Telling someone they should be over their loss by now doesn’t help them sort through their feelings. In fact, it can make them only that much more confused and emotional. Never tell someone to “get over it.” You would not want someone to say that to you if you were hurting.

Instead, try to help them focus on positive memories of their loved one. If you have fond or even humorous memories of the deceased person, share them. Never think that someone who is grieving does not want to remember their loved one. Focusing on good memories can really help. Even if it seems like it has been forever since the funeral, it’s never too late to reminisce.

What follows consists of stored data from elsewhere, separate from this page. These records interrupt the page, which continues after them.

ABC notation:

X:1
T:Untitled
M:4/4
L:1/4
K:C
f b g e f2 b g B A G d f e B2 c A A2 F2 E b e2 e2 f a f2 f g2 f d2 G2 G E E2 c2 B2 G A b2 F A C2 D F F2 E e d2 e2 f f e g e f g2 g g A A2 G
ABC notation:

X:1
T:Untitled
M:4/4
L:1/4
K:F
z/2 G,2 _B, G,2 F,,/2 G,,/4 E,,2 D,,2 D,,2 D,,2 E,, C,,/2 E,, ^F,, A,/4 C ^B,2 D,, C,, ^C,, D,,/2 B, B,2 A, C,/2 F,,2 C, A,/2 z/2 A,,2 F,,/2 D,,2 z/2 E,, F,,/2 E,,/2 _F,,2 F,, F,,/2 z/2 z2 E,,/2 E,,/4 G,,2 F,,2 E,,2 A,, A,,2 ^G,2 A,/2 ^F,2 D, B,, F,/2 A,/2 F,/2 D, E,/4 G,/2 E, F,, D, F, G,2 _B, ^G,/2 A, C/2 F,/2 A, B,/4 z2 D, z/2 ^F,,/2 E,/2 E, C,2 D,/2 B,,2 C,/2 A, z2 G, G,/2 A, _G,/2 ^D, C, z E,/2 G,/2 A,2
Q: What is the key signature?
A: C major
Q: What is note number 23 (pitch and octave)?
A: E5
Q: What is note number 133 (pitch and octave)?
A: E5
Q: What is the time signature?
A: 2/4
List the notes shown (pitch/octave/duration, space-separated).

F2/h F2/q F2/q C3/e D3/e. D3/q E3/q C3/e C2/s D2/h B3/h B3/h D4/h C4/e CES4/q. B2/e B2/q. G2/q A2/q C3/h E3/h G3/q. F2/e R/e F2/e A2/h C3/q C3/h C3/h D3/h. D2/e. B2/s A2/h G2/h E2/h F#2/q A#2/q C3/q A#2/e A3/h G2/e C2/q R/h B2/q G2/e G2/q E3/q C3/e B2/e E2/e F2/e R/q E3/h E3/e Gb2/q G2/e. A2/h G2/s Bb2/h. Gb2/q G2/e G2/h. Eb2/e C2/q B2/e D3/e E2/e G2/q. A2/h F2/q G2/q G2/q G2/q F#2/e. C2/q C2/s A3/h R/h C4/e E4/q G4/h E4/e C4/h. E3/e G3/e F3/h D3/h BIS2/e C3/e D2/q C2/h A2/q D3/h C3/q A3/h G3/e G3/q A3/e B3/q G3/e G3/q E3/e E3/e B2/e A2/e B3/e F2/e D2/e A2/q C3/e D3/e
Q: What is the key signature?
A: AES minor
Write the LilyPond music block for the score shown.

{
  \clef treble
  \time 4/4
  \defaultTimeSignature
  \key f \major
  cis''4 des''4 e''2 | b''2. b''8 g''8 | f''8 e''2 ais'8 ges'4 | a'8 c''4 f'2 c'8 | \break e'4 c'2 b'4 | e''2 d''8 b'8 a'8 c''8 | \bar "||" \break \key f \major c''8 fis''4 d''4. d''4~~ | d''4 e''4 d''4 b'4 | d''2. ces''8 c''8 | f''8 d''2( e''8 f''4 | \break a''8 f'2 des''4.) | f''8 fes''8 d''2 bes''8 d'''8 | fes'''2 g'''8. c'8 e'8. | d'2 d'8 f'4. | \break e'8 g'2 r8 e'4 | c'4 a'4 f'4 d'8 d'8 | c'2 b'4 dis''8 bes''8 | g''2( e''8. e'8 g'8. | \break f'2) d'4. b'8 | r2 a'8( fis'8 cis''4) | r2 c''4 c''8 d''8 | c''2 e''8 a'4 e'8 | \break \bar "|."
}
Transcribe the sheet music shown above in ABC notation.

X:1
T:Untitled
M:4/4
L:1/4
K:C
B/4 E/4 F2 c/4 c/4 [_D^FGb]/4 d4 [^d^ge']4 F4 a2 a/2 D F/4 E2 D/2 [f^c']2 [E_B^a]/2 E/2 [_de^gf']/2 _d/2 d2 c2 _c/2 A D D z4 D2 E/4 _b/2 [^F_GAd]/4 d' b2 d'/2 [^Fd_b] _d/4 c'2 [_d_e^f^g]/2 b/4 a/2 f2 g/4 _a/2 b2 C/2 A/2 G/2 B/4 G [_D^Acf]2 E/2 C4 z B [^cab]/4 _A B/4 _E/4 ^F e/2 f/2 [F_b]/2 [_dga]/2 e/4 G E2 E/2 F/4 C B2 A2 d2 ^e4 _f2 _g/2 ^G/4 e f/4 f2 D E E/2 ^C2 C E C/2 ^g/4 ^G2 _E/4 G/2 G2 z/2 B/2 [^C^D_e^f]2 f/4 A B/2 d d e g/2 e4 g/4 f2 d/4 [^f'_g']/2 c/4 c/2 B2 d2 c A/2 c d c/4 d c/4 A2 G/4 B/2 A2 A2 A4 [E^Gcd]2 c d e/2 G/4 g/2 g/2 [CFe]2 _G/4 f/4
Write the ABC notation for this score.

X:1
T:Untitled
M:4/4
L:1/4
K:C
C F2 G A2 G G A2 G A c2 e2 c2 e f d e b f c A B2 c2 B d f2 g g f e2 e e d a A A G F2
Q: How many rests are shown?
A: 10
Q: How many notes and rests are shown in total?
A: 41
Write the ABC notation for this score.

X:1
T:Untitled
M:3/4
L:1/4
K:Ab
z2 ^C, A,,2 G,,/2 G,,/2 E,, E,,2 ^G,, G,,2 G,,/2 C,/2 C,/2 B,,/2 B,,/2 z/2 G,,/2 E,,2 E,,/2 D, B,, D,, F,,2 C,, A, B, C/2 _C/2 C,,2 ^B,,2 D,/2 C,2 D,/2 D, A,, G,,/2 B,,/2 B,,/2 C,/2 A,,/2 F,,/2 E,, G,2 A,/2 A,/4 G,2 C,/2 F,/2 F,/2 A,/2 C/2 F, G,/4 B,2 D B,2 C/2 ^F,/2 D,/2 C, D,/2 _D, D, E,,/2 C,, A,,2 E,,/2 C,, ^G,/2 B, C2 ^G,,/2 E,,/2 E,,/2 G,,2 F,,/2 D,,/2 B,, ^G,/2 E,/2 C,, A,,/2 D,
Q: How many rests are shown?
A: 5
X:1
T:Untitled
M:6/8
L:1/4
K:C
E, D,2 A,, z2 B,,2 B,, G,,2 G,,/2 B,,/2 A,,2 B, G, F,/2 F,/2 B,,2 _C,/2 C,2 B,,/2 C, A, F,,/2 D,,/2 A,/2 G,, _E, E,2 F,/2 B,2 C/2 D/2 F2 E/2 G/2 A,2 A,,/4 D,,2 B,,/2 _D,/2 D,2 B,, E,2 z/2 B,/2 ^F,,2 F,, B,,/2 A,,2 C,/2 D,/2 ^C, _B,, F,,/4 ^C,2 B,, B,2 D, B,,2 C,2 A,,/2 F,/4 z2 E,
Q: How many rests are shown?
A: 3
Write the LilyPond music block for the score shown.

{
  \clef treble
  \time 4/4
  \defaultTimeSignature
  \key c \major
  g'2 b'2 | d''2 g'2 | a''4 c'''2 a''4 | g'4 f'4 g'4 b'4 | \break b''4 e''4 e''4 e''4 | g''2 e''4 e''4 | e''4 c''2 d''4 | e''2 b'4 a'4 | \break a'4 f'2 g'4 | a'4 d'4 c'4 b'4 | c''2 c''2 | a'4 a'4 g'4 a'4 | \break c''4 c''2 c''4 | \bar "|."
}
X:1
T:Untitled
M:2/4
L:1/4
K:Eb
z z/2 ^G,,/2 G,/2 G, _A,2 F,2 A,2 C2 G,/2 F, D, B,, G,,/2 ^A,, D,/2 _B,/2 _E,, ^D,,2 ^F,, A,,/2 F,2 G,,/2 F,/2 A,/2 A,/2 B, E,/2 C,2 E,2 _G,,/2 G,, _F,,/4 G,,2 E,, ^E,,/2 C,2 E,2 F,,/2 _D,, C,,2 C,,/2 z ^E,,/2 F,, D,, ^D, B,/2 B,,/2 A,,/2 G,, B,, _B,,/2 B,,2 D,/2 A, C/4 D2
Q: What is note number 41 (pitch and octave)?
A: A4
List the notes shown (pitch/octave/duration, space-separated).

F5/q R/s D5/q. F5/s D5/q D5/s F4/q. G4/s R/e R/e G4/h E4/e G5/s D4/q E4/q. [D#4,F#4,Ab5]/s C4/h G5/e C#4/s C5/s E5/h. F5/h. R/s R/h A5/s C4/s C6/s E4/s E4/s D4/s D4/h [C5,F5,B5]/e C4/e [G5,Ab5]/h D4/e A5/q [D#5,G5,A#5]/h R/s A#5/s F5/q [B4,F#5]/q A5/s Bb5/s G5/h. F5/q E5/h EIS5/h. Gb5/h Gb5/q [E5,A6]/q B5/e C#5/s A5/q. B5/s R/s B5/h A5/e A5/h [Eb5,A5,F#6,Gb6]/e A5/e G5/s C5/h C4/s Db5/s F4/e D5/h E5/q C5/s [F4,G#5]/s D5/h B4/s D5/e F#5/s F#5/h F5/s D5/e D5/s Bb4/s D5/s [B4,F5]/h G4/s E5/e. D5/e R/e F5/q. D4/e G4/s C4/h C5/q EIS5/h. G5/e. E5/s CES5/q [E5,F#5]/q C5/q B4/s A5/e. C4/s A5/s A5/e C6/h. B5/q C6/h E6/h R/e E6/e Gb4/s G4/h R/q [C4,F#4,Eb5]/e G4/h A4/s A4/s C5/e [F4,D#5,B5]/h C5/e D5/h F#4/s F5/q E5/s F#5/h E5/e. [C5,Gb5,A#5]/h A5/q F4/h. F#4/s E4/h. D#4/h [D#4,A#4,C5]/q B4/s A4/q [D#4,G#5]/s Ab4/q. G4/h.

Other ways you can help someone who is grieving

Sad Hand Holding

  • Never underestimate the healing power of a hug.
  • Sometimes not saying anything, just listening, is what helps the most.
  • Never make it about you. This is the griever’s time to deal with their loss.
  • Just be there. When a person loses someone they love, there is an empty space in their life. For the time being, help fill that space.
  • Give suggestions only when asked directly for them. Your advice is not always welcome. If they ask your advice for things completely unrelated to grieving, like how to change a light bulb, jump at the chance to help. Some people need to figure out how to grieve the loss of their loved one in their own way.

Grief is a process. It takes time and energy, and no two people go through the process in the exact same way. Be patient, gentle and aware of how a grieving friend or family member is feeling.

Sometimes, there is no “right” thing to say. Do your best to be present and pay attention to what that person might need. Even if they do not ask for it, they still need to know you care.